Every record here must be copied exactly, except for the images it holds.

■ ■ ■ ■ ■

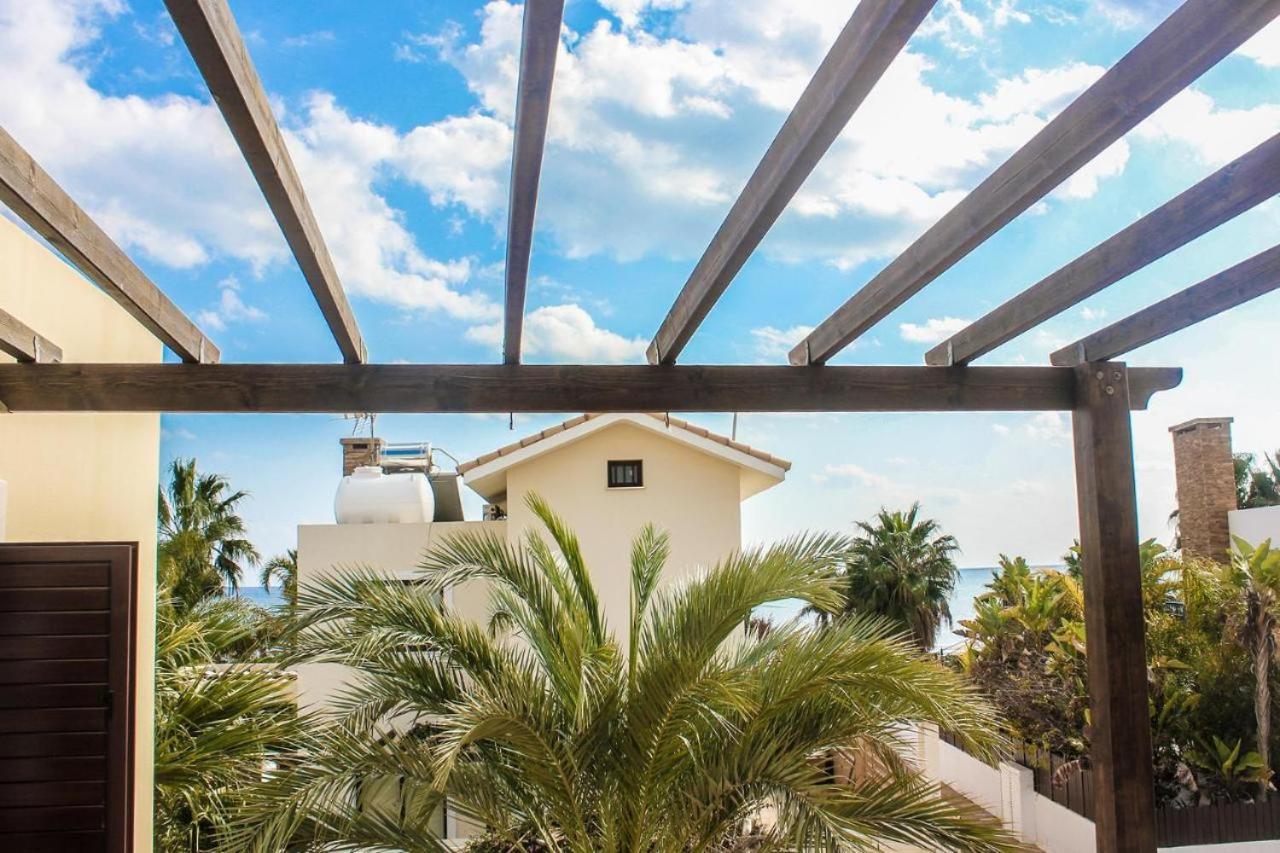 Unique Beach Luxurious Villas アヤナパ エクステリア 写真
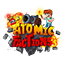 Minecraft Server icon for Atomic Factions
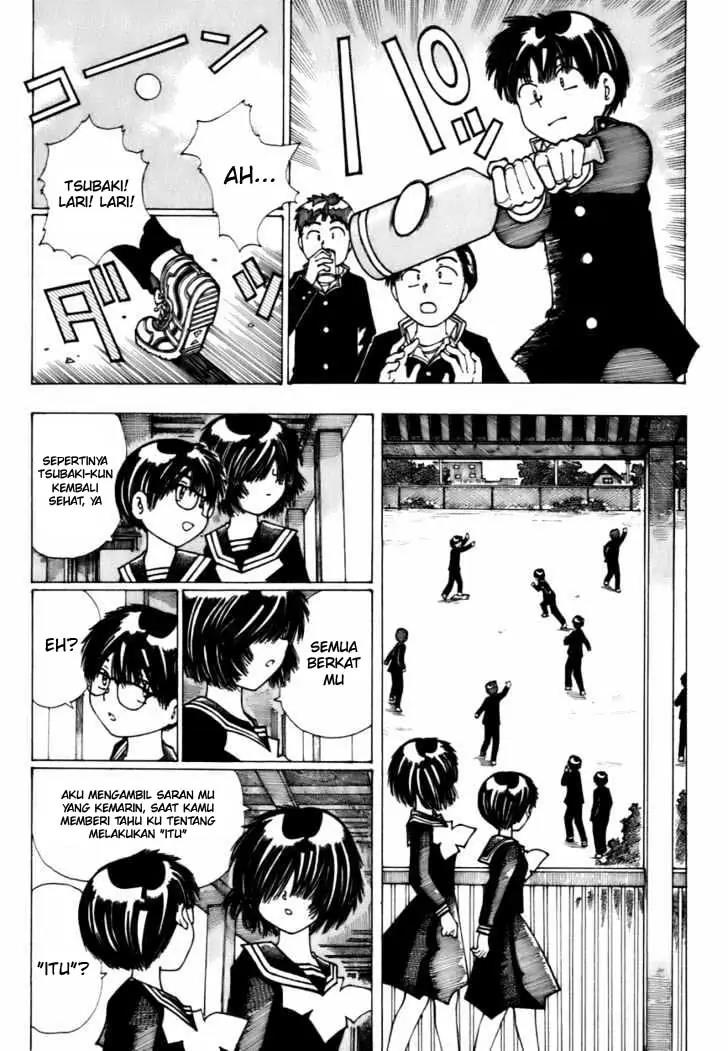 Nazo no Kanojo X Chapter 10 Image 16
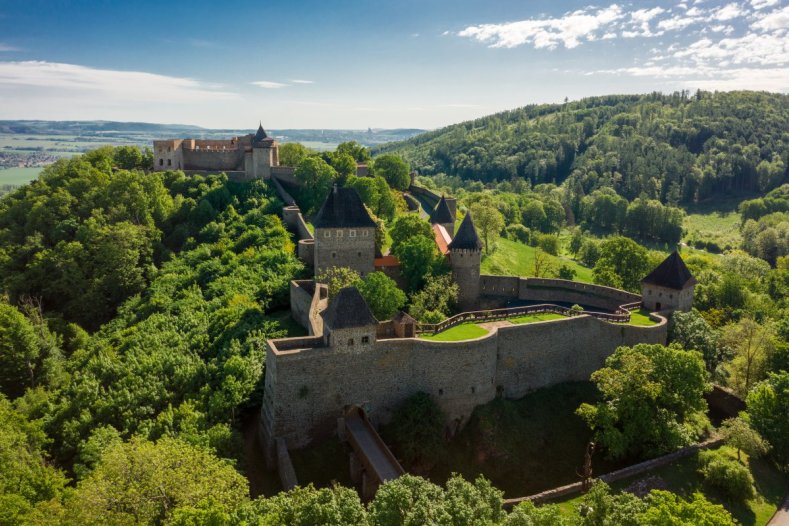 Víte, kde máte své srdce? Hlasujte pro Olomoucký kraj     Foto: Centrála cestovního ruchu Olomouckého kraje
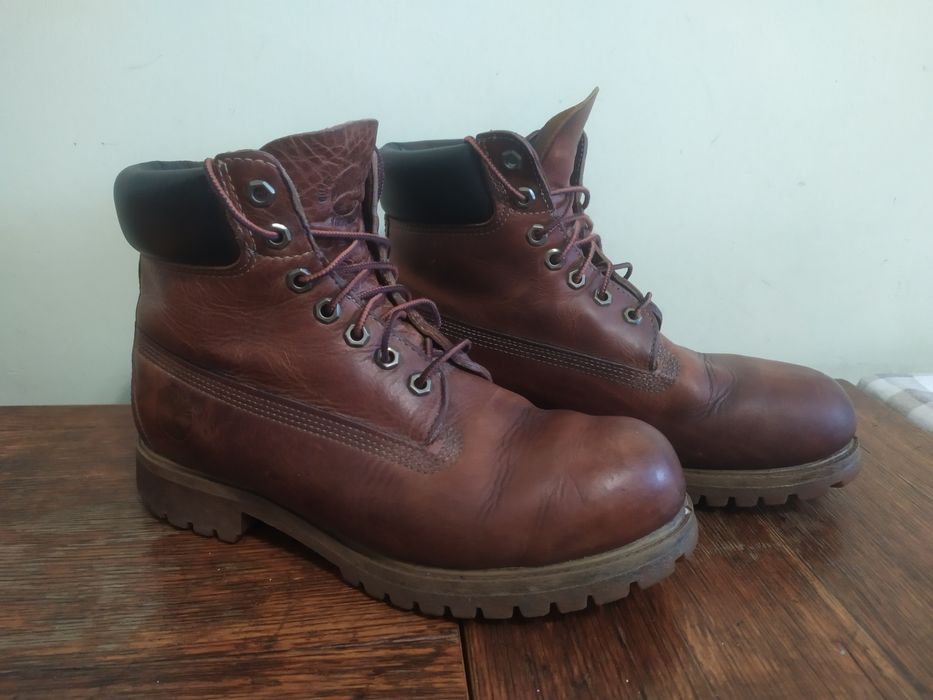 Ботінки Timberland 41-41,5 розмір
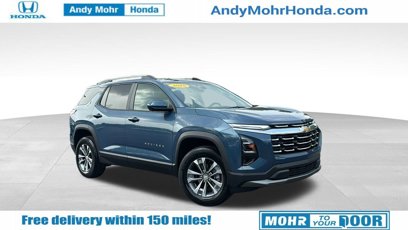 Used 2025 Chevrolet Equinox LT w/ Convenience Package II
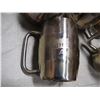 Image 4 : Coors Light Collection Stainless Steel Mugs, 2 Lambs Rum Thermos, etc
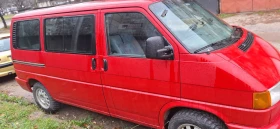 VW Multivan 2.4d 4x4, снимка 2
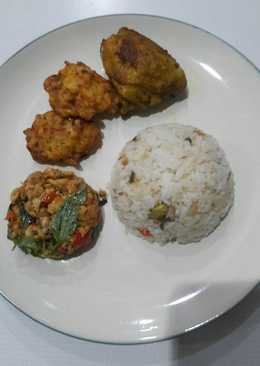 Nasi liwet magic com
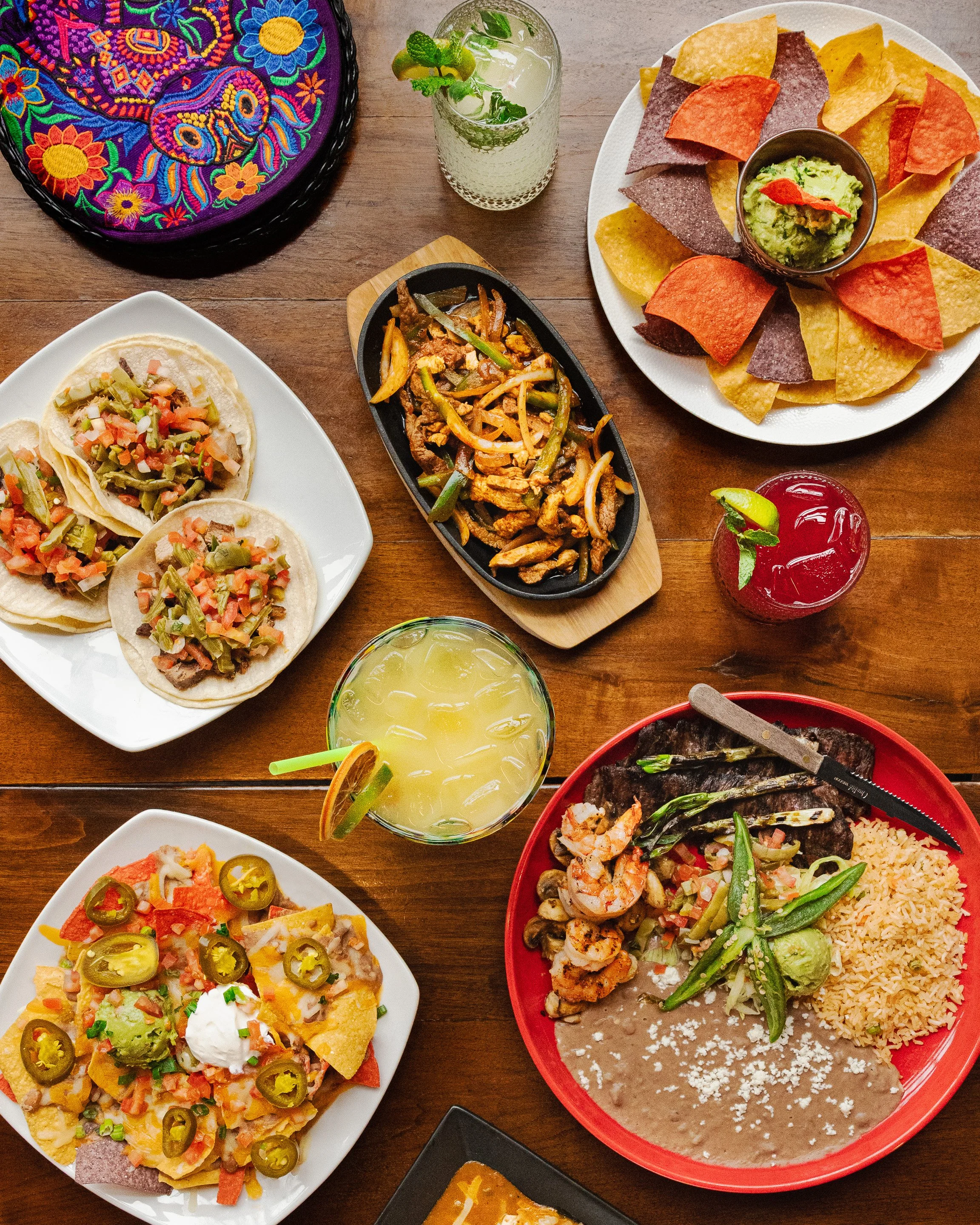 Colibri Mexican Kitchen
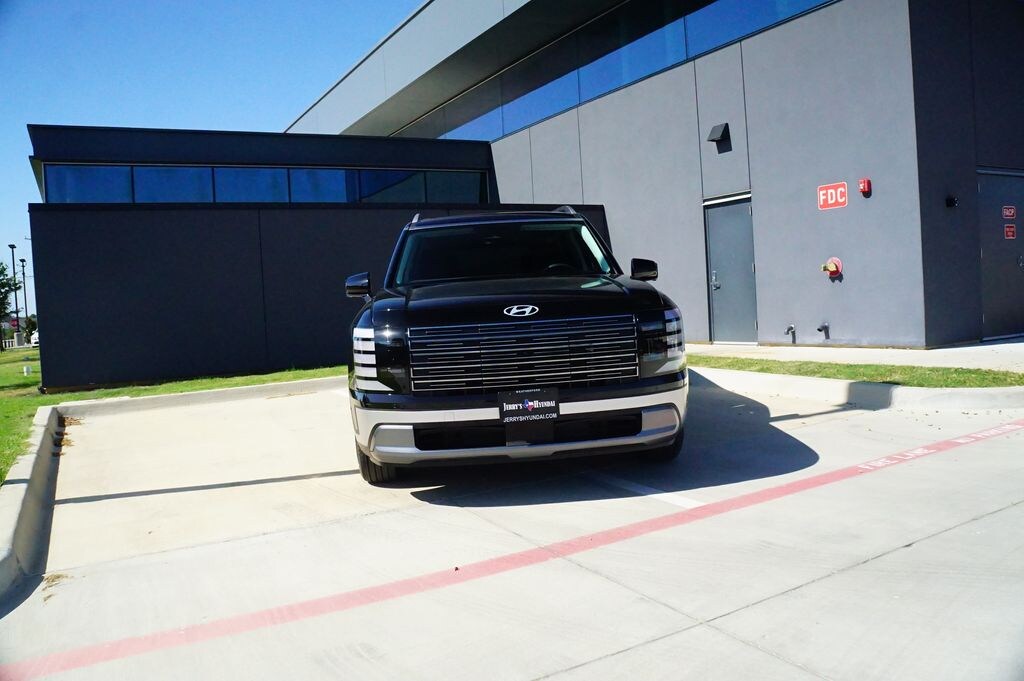 Used 2026 Hyundai Palisade SUV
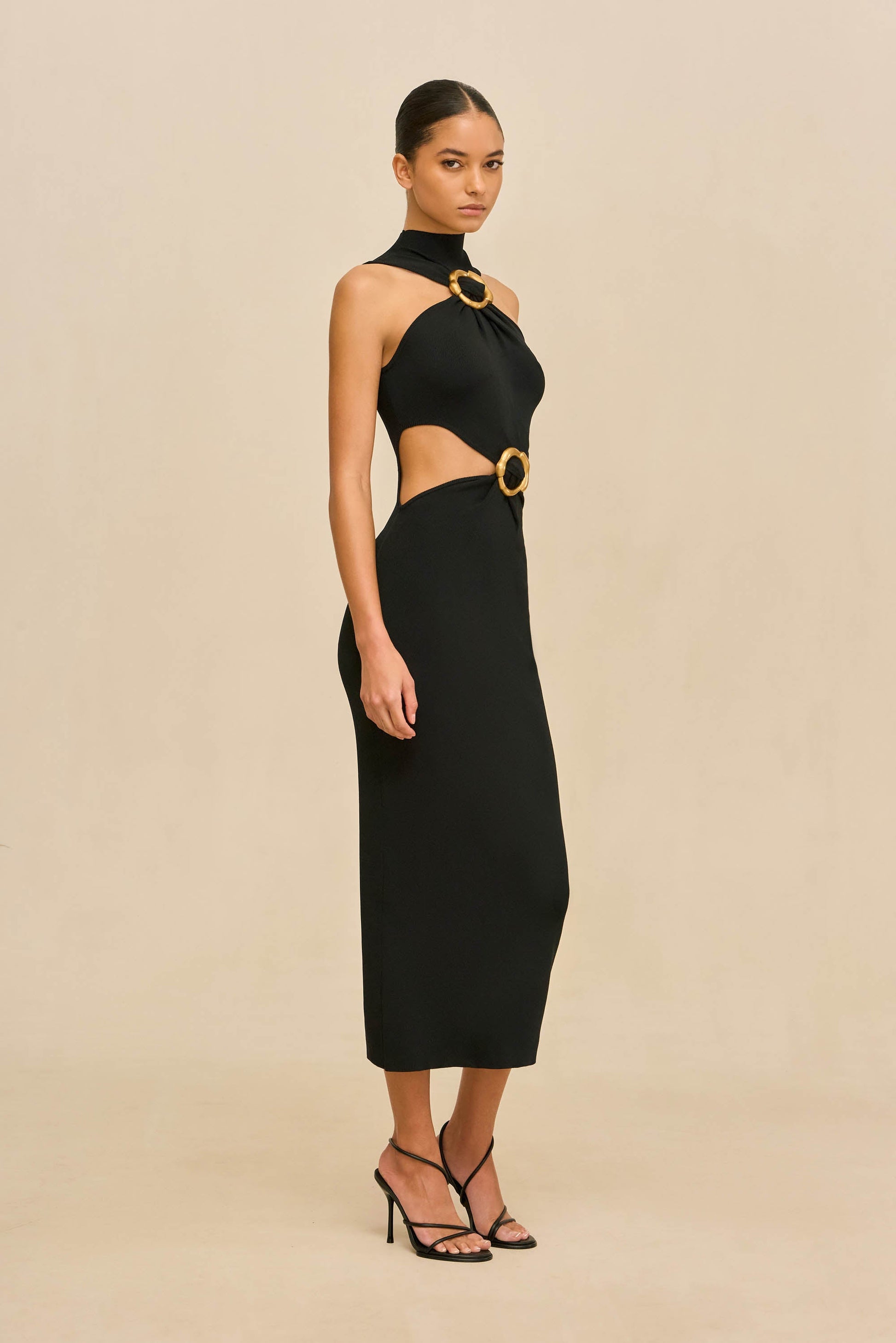 AMBAR KNIT DRESS Cult Gaia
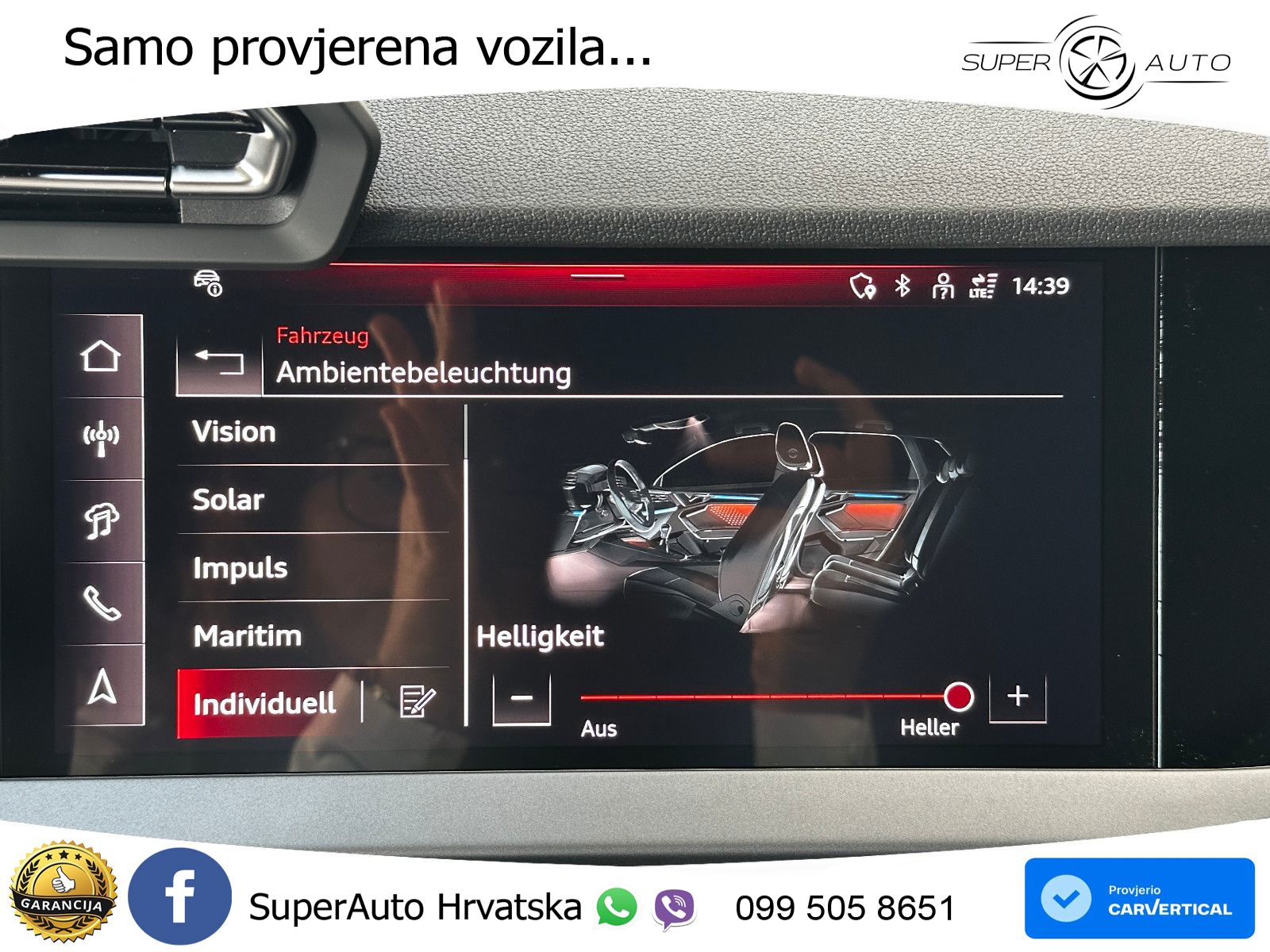 Audi A3 Sportback 30 TFSI (116 KS) Mild Hybrid S tronic LED+GR SJED+ACC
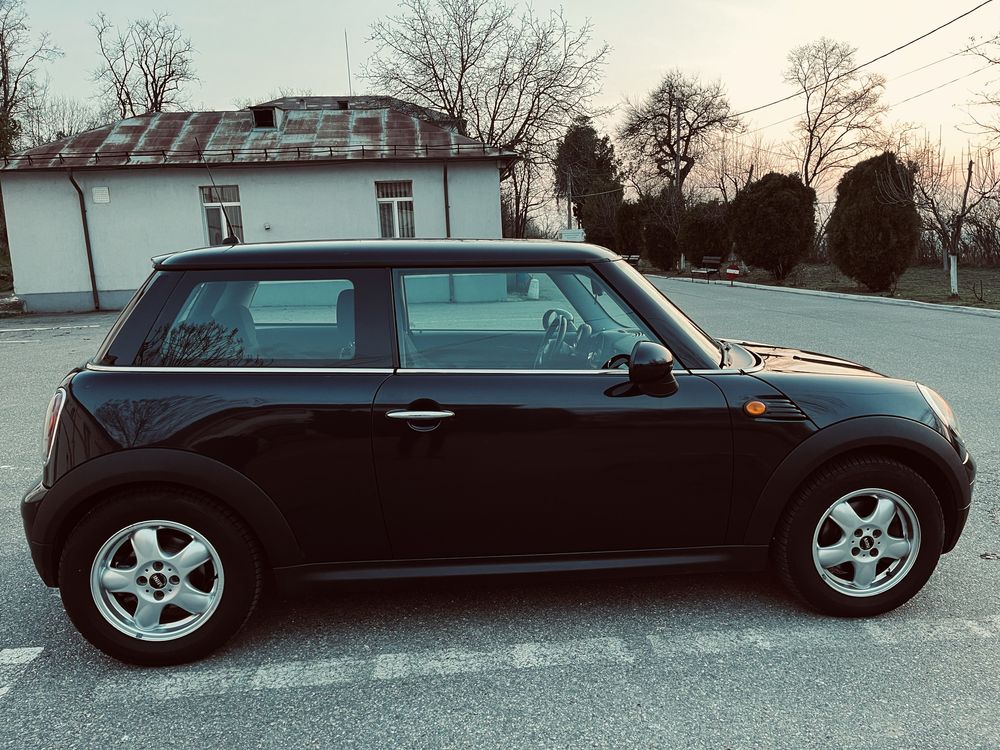 Mini Cooper Edge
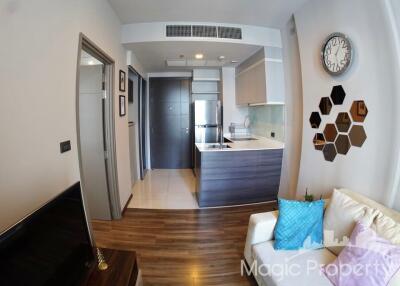 1 Bedroom for Rent in Ceil by Sansiri Condominium, Watthana, Bangkok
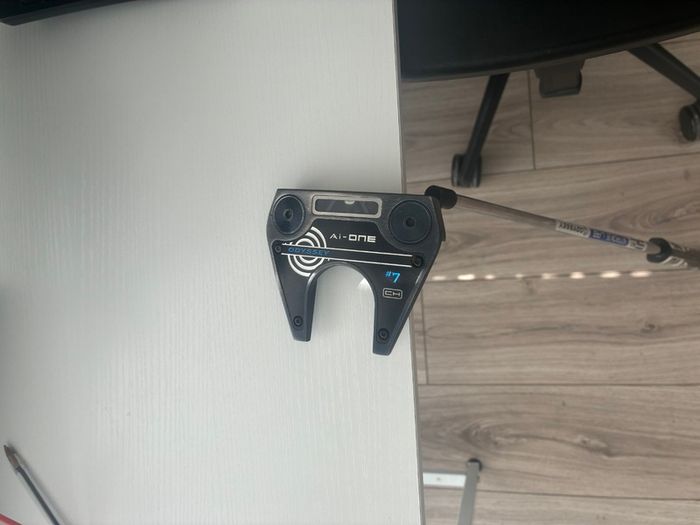 Odyssey AI One #7 Putter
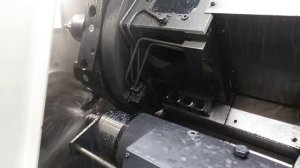 Обработка круговой интерполяции G03 G02. Fanuc 0i mate tf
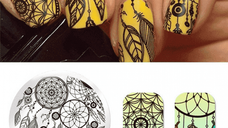 Matrita metalica pentru stampila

■ ■ ■ ■ ■

ANSWER SPACE =>
 Unique Beach Luxurious Villas アヤナパ エクステリア 写真
 Minecraft Server icon for Atomic Factions
 Nazo no Kanojo X Chapter 10 Image 16
 Víte, kde máte své srdce? Hlasujte pro Olomoucký kraj     Foto: Centrála cestovního ruchu Olomouckého kraje
 Ботінки Timberland 41-41,5 розмір
 Used 2025 Chevrolet Equinox LT w/ Convenience Package II
 Image 4 : Coors Light Collection Stainless Steel Mugs, 2 Lambs Rum Thermos, etc
 VW Multivan 2.4d 4x4, снимка 2
 Nasi liwet magic com
 Colibri Mexican Kitchen
 Used 2026 Hyundai Palisade SUV
 AMBAR KNIT DRESS Cult Gaia
 Audi A3 Sportback 30 TFSI (116 KS) Mild Hybrid S tronic LED+GR SJED+ACC
 Mini Cooper Edge
 1 Bedroom for Rent in Ceil by Sansiri Condominium, Watthana, Bangkok
 Odyssey AI One #7 Putter
 Обработка круговой интерполяции G03 G02. Fanuc 0i mate tf
 Matrita metalica pentru stampila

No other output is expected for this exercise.